Injection intravitréenne et effet d’un traitement anti-angiogénique sur l’exsudat associé à la NV. Les représentations schématiques sont associées à des images en tomographie à cohérence optique obtenues chez un patient au cours du suivi. Ces images montrent une réduction de l’épaisseur maculaire centrale de 450 µm à 160 µm une semaine après injection d’un anti-VEGF. |
Dans l’étude MARINA, évaluant l’efficacité du Lucentis®, des accidents vasculaires cérébraux ont été observés chez 2,5 % des patients ayant reçu une injection de 0,5 mg et chez 0,8 % des patients du groupe témoin, et des hémorragies extra-oculaires ont été rapportées chez 9,2 % des patients ayant reçu une dose plus faible (0,3 mg) contre 5,5 % dans le groupe témoin. Ces effets connus des anti-VEGF administrés par voie systémique ont été observés avec la molécule qui bloque toutes les isoformes du VEGF-A. Ces traitements, dont le coût est élevé (entre 1 000 et 1 500 euros par injection) doivent être administrés toutes les 4 à 6 semaines pendant plusieurs années et pour une durée encore non déterminée. L’arrêt du traitement conduit à la récidive des signes exsudatifs.
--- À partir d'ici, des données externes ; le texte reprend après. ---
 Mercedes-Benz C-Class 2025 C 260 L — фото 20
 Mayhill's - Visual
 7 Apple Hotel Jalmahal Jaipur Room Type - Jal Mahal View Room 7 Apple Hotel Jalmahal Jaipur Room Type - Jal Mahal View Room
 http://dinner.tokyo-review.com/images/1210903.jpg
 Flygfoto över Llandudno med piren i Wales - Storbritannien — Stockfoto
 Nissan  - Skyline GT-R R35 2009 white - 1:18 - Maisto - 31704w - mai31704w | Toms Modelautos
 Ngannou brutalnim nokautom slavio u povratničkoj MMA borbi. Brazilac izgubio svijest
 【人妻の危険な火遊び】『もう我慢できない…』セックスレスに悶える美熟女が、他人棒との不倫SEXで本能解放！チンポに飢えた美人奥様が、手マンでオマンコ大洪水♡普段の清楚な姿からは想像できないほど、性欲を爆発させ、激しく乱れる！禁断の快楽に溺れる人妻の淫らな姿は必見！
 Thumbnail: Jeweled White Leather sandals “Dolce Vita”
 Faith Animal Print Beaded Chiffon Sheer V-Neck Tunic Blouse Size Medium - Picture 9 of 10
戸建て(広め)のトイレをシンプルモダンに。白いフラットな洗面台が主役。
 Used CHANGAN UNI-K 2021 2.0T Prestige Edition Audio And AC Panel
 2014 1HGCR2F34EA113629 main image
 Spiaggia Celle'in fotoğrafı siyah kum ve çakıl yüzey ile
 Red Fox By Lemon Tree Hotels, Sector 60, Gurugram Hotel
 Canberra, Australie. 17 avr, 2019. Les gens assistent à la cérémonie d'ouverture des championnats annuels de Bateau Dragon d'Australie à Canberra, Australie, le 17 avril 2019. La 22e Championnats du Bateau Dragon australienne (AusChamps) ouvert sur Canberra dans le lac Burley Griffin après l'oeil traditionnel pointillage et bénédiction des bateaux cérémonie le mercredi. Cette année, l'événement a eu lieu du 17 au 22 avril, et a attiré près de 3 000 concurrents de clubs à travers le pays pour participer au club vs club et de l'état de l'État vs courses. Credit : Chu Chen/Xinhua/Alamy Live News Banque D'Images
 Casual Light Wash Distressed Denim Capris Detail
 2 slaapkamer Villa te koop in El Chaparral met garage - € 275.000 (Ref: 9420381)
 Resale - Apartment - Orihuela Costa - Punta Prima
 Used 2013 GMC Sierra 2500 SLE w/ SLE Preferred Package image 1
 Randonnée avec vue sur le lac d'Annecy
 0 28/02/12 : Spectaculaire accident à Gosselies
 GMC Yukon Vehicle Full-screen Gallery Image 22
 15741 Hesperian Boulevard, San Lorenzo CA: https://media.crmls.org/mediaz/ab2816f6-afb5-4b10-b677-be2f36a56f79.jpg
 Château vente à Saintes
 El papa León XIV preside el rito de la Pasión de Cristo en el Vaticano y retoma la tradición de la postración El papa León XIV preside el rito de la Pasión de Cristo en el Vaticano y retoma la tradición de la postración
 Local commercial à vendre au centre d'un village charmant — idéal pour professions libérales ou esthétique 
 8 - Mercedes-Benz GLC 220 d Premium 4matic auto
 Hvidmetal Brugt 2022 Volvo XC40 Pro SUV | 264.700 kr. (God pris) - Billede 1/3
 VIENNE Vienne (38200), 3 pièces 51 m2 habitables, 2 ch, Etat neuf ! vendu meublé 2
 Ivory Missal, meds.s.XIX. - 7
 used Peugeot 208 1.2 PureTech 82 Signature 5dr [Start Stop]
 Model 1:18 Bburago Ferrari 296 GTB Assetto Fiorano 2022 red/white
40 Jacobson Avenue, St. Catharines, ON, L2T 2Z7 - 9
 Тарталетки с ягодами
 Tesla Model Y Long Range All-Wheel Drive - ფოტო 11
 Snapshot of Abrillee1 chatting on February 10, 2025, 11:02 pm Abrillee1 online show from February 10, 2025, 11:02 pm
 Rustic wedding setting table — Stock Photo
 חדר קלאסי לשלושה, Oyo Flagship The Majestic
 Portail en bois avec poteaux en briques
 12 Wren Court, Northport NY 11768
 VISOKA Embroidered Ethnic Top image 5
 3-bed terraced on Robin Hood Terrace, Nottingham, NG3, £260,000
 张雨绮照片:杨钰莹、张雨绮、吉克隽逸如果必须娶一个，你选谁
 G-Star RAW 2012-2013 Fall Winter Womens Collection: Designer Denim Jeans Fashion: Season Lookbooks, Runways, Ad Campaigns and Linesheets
Afin de réduire le coût des traitements, les ophtalmologistes ont tenté d’utiliser l’Avastin® (bevacizumab, Genentech®) pour l’injection intravitréenne. Cet anticorps anti-VEGF humanisé se présente sous la forme d’une immunoglobuline entière, et est utilisé en cancérologie. Ce produit est utilisé hors autorisation en milieu hospitalier à un coût très réduit ; les premiers résultats semblent montrer que l’Avastin® pourrait avoir des effets comparables à ceux du Lucentis®, tout au moins à court terme [ 10].
Ces nouveaux travaux et traitements apportent de véritables espoirs pour les patients atteints de DMLA. Dans notre engouement et notre désir de procurer une amélioration visuelle à nos patients, restons cependant attentifs, en particulier quant aux effets systémiques possibles d’une inhibition très prolongée du VEGF chez des patients âgés, et souvent porteurs de pathologies cardio-vasculaires. Même injectés dans l’œil et à faibles doses, ces produits diffusent dans la circulation générale, induisant des risques cumulés quand les injections sont répétées.
L’avenir proche laisse entrevoir la possibilité de traitements combinés et l’utilisation séquentielle des différents produits disponibles : phase d’amorçage avec les anti-VEGF les plus puissants (Lucentis® ou Avastin®), associés ou non à une PDT et relais avec des molécules plus sélectives comme le Macugen® pour la phase d’entretien.